Linux macOS Windows C++20 CMake License: MIT LinkedIn PayPal Me

A modern, high-performance C++20 library for parsing NASDAQ TotalView-ITCH 5.0 protocol data feeds. This parser is designed for maximum speed, minimal memory overhead, and type safety, making it ideal for latency-sensitive financial applications, market data analysis, and quantitative research.


Table of Contents

  1. Project Philosophy
  2. Key Features
  3. Architectural Overview
  4. Getting Started
  5. Dependency Management
  6. Comprehensive Usage Guide
  7. API Reference: ITCH 5.0 Message Types
  8. Performance
  9. Coding Standards
  10. Frequently Asked Questions (FAQ)
  11. Contributing
  12. License
  13. References

Project Philosophy

The design of this ITCH parser is guided by three principles:

  1. Performance Above All: In market data processing, performance is not just a feature; it's a requirement. This library is architected to eliminate unnecessary overhead. It avoids dynamic memory allocations, data copies, and stream I/O in its critical path. The goal is to convert raw binary data into a usable C++ struct as efficiently as possible.

  2. Correctness and Safety: Financial data is unforgiving. A single misinterpreted byte can corrupt analysis. We prioritize correctness by adhering strictly to the ITCH 5.0 specification and ensuring data is represented in a type-safe manner.

  3. Modern and Maintainable C++: The library leverages C++20 and above to provide a clean, maintainable, and efficient implementation. We use modern features to create a robust and developer-friendly API that is both powerful and easy to use correctly.


Key Features

  • High Throughput: Capable of multi-gigabyte-per-second parsing speeds on modern hardware.
  • Zero-Allocation Core: The primary parsing loop performs zero dynamic memory allocations, minimizing latency and jitter.
  • Type-Safe API: All ITCH messages are deserialized into a std::variant of dedicated, packed structs, ensuring compile-time safety.
  • Specification Compliant: Faithfully implements the message formats outlined in the Nasdaq TotalView-ITCH 5.0 specification.
  • Flexible Parsing Strategies:
    • Eagerly parse a buffer into a std::vector for convenience.
    • Use a callback for efficient, low-memory stream processing of large files.
    • Filter messages by type at the parsing stage to reduce processing load.
  • Cross-Platform: Compatible with any platform supporting a C++20 compiler and CMake.
  • Minimal Dependencies: Zero runtime dependencies. Test and benchmark libraries are managed by vcpkg.

Architectural Overview

The library is built on some key principles to deliver maximum performance and safety.

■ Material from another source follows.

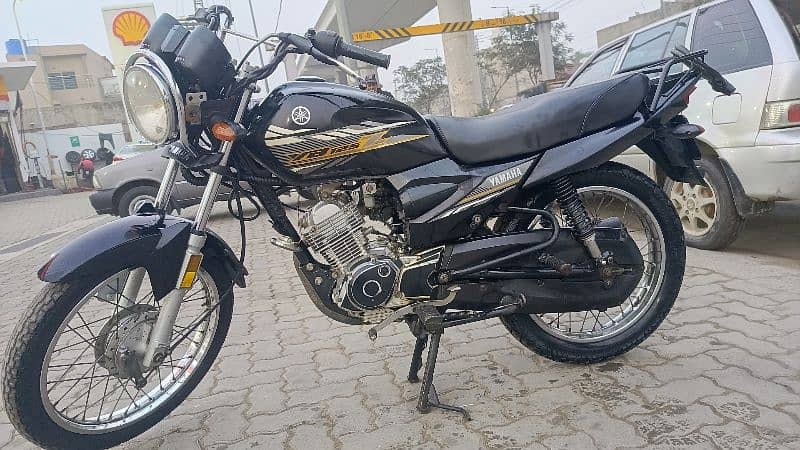 Yamaha YBZ 125cc self start 5 gear sale or exchange 3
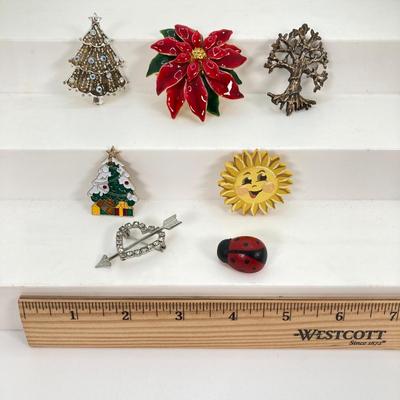 LOT 216: Collection of Vintage Brooches / Pins with Glass Trinket Dish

Zero-Overhead Deserialization

To achieve its performance, the parser uses a zero-overhead deserialization strategy. The parser achieves its speed by reading messages directly from the raw data stream without performing heavy data conversions. Each message type is defined in a compact format that matches exactly how the data appears on the network. This means the parser can quickly copy incoming bytes into a message structure in memory, skipping the usual per-field decoding steps. The result is near-zero overhead when reading and processing messages.

Type-Safe Message Handling

All possible ITCH messages are handled using a single, modern C++ object: itch::Message, which is a std::variant. This approach provides significant advantages over traditional designs:

  • Compile-Time Safety: The compiler verifies that your code handles every possible message type. This prevents unexpected errors at runtime if a message type is overlooked.
  • High Performance: This design allows the compiler to generate highly optimized code for processing different messages, which is typically faster than conventional virtual function lookups.
  • Efficient Memory Layout: Messages are stored contiguously in memory, which improves CPU cache utilization and overall processing speed.

Endianness and Byte Order

The ITCH protocol specifies that all multi-byte numbers use a big-endian (network) byte order. Most modern CPUs, however, use a little-endian format.

The parser handles this discrepancy automatically. After a message is read into a struct, the library transparently converts all multi-byte fields (such as prices and quantities) from the network order to the native order of the machine. This ensures all numerical data is immediately correct and ready for use without requiring any manual conversion.


Getting Started

Prerequisites

  • C++ Compiler: A compiler with full C++20 support (e.g., GCC 10+, Clang 12+, MSVC 19.29+).
  • CMake: Version 3.20 or newer.

Building the Project

  1. Clone the Repository

    git clone https://github.com/bbalouki/itchcpp.git
    cd itchcpp
  2. Configure with CMake This step generates the build system and automatically downloads any developer dependencies if needed.

    cmake -S . -B build
  3. Compile the Code Build the library and any example targets.

    cmake --build build --config Release

Running Tests and Benchmarks

The project includes unit tests and performance benchmarks that can be built by enabling the corresponding CMake options.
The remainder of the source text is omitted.